Hoffnung für Merz wäre eine Katastrophe für Deutschland. Die starrsinnigen Unionswähler zementieren den links-grün orchestrierten Niedergang unseres Landes
Die Analyse ist nur zum Teil richtig. Sie berücksichtigt nicht, dass sich der Nachtwächterstaat zum Robin-Hood-Staat weiterentwickelt hat. Der Klassengegensatz lautet heute nicht mehr Kapital gegen Arbeit, aber auch nicht Alt gegen Jung, sondern die Klasse der direkt oder indirekt Staatsalimentierten gegen die Klasse derer, die den ganzen Umvertelungszirkus durch ihre Wertschöpfung ermöglichen. Die Politik zielt darauf ab, die Klasse der ersteren, die vom Bürgergeldempfänger bis zum Bundespräsidenten reicht, durch Subventionen (vulgo Bestechung) ständig auszuweiten. Der Feind ist der wirtschaftlich und geistig selbstständige Bürger.

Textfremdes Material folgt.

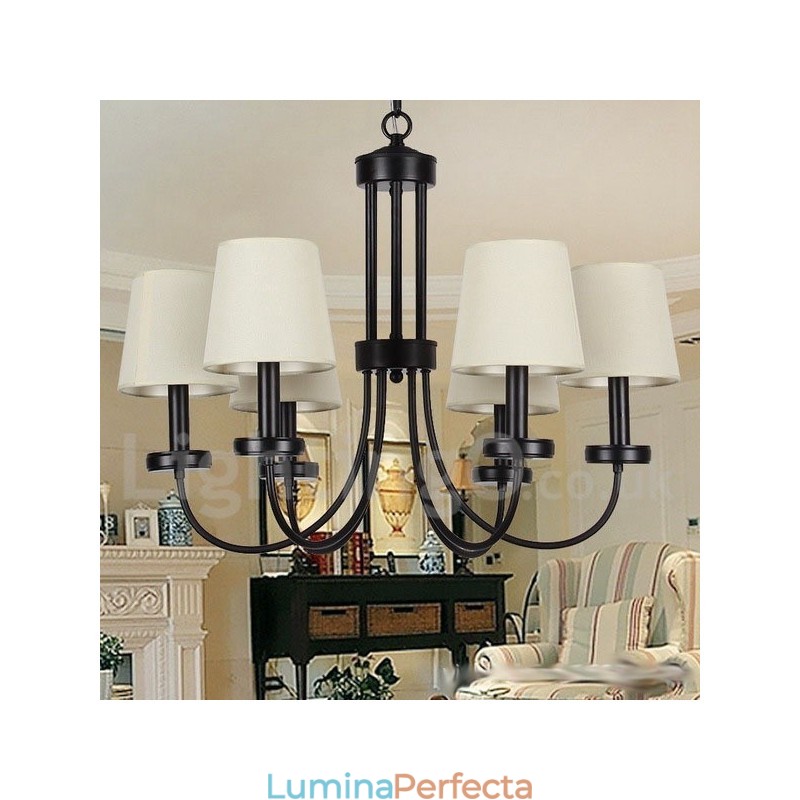 Candelabru negru, retro, în stil lumânare, cu 6 lumini
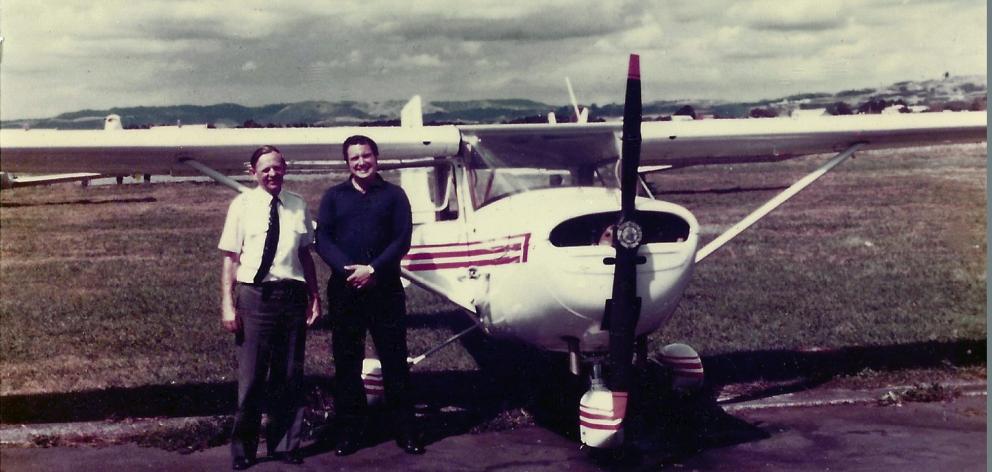 New owner Steven Elliott (right), pictured with aviation identity Lew Day at Ardmore Airport on...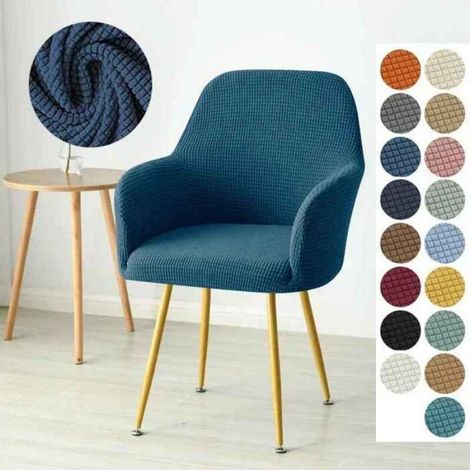 Housse de chaise à bras haut,en polaire extensible,pour salle à manger,pour fauteuil,siège de cuisine- Royal Blue-1pc Chair Cover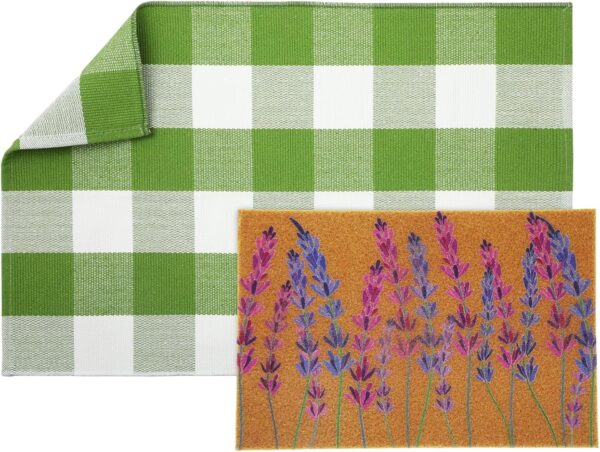 2 Pcs Spring Lavender Welcome Door Mat 24'' x 35'' Green White Plaid Outdoor Rug and 24'' x 16'' Lavender Coir Doormat Non Slip Floral Floor Mat for Outside Entrance Front Porch 1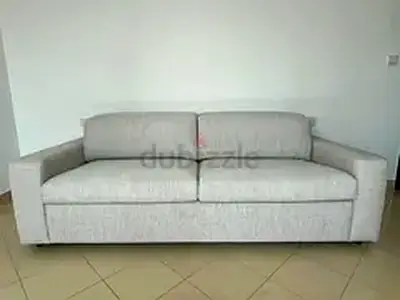 Loom Collection Sofa Bed 2-Seater, Pebble + Mattress Topper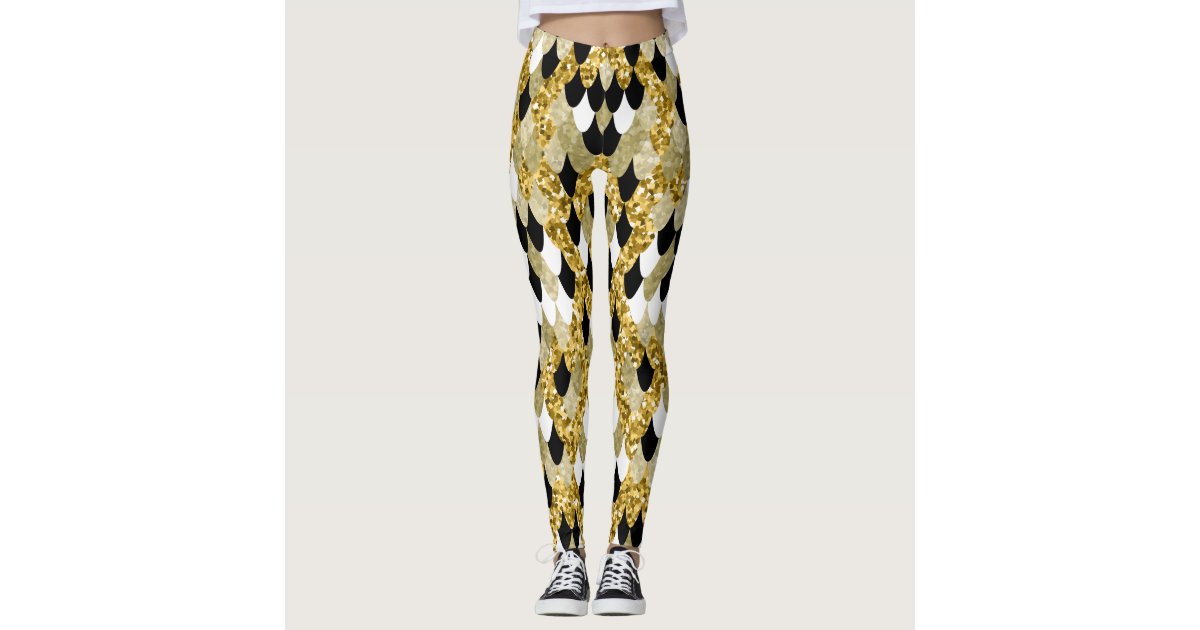 Versace Legging With Print - Black Gold White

„Nur die Anhänger der Union wollen das anders sehen. Das ist ein Muster – und ein Problem.“
Das habe ich auch in der Vergangenheit bei einigen Autoren des liberal-konservativen Spektrums festgestellt.
Man kann die Realität ignorieren, aber nicht die Folgen der Ignoranz. Das Land geht vor die Hunde und das wird irgendwann spürbar. Deshalb wird auch daran gearbeitet, ein totalitäres Regime zu errichten. Aber die Alten können es aussitzen und hoffen, daß sie tot sind bevor der Absturz passiert. Andernfalls müßte man sich seiner Verantwortung stellen.